Criminology theory helps to understand the root case and how to focus preventing the crime. A wide range of other disciplines must be engaged to understand the fraud opportunity including supply chain management, food science authenticity testing, countermeasures such as from packaging science, information technology for traceability, decision-sciences and risk analysis to assess the vulnerability, and then business decision-making such as Enterprise Risk Management (ERM).[28]

Food Fraud Prevention

Food fraud prevention starts with criminology and the motivation of the human actor. Criminology prevention considers broad system that covers the entire market or physical environment. The Criminology theories are Situational Crime Prevention (the space of crime), Routine Activities Theory (what other actions are criminals conducting), and Rational Choice Theory (why do the criminals think they can get away with this crime). Environmental Criminology considers the space of crime whereas Traditional Criminology considers the psychology of the criminal.

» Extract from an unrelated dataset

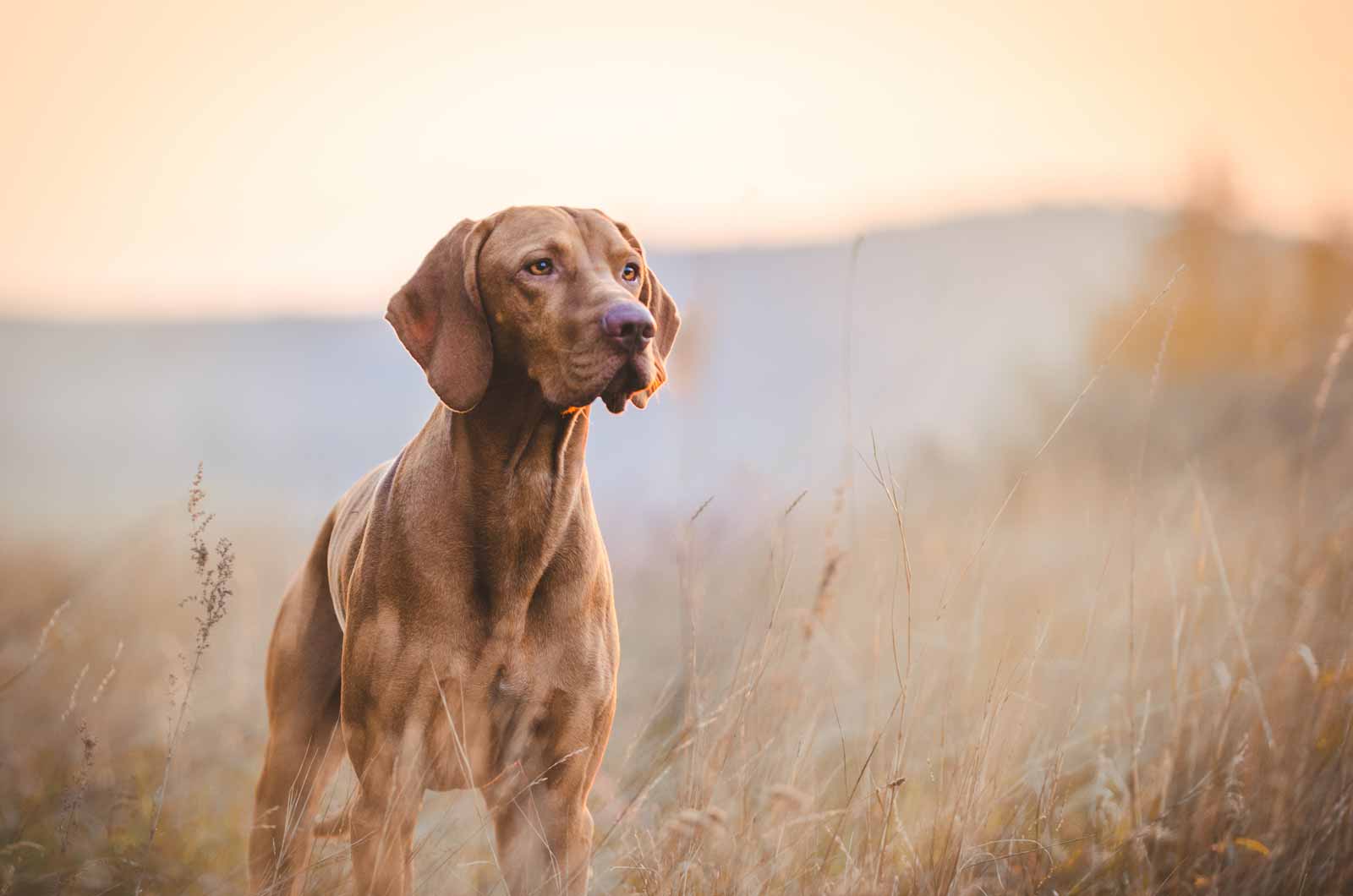 Vizsla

Another set of theories approaches food fraud not from a Criminology standpoint but from Business Fraud. It is sometimes confusing that both theories include a triangle: the Crime Triangle and the Fraud Triangle. Also, over time, each of these theories has evolved to more complex triangles.

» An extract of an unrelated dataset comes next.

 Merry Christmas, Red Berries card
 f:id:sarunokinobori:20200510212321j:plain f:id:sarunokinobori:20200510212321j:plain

The Association of Certified Fraud Examiners defines the Fraud Triangle with the three legs to be: (1) pressure (on the individual), (2) opportunity, and (3) rationalization. [29] This is sometimes expanded to a diamond adding a component of (4) capability of the fraudster. [30]

The original and basic Crime Triangle is based on Situational Crime Prevention and Routine Activities Theory. This considers that the ‘crime opportunity’ is defined by: (1) victim, (2) criminal, and (3) absence of a capable guardian.[31, 32] Adapted to food fraud, the fraud opportunity is determined by: (1) victim, (2) fraudster, and (3) guardian and hurdle gap (Figure 2).

Figure 2: Situational Crime Prevention applied to Food Fraud in the Crime Triangle [7]

The movement of so many products so far around the world also creates a new and expanding fraud opportunity. As the melamine in pet food incident demonstrated, one incident can very quickly impact product around the world. As the horsemeat in beef scandal demonstrated, one rogue supplier can cripple an entire industry.

Food Fraud Prevention Strategy

Many governments are requiring that food fraud hazards be (1) assessed and (2) control plans be put in place to manage those hazards. Specifically addressing food fraud is new so there naturally are not too many details or prescribed regulatory compliance requirements.

Beyond the massive economic loss to industry for incidents such as melamine or horsemeat, individuals are being held criminally liable. While there may be few compliance requirements, companies – and their individual leaders – are being held criminally liable for incidents. For example, the CEO of Peanut Corporation of America was sentenced to over 30 years in US Federal prison for his role in a food fraud incident.[1] Also, five other company employees received US Federal prisons sentences of at least five years.

Regardless of the current or future regulatory compliance requirements, to maintain a viable business companies must reduce their fraud opportunity. The increase in the awareness of the economic impact of food fraud coincided with the advancing academic focus on proactive prevention. Taken together, the food industry has taken a very proactive and active approach to address food fraud.

Conclusion: The Role of Food Science and Technology in Food Fraud Prevention

Food Fraud Prevention is complex not only in the analytical methods of detection but in the interdisciplinary applicable theory. Because there is usually no health hazard, the traditional detection and alert systems often do not detect food fraud. The key actions in reducing the fraud opportunity are to detect, deter, and prevent.[7, 33] The effort to detect – or authenticate -- will always be the most scientifically complex and challenging. Although detect is the most complex the first step should be consider how to prevent, and how to reduce the fraud opportunity. Once the specific human criminal acts and methods are understood, efficient and effective countermeasures and control systems can be defined.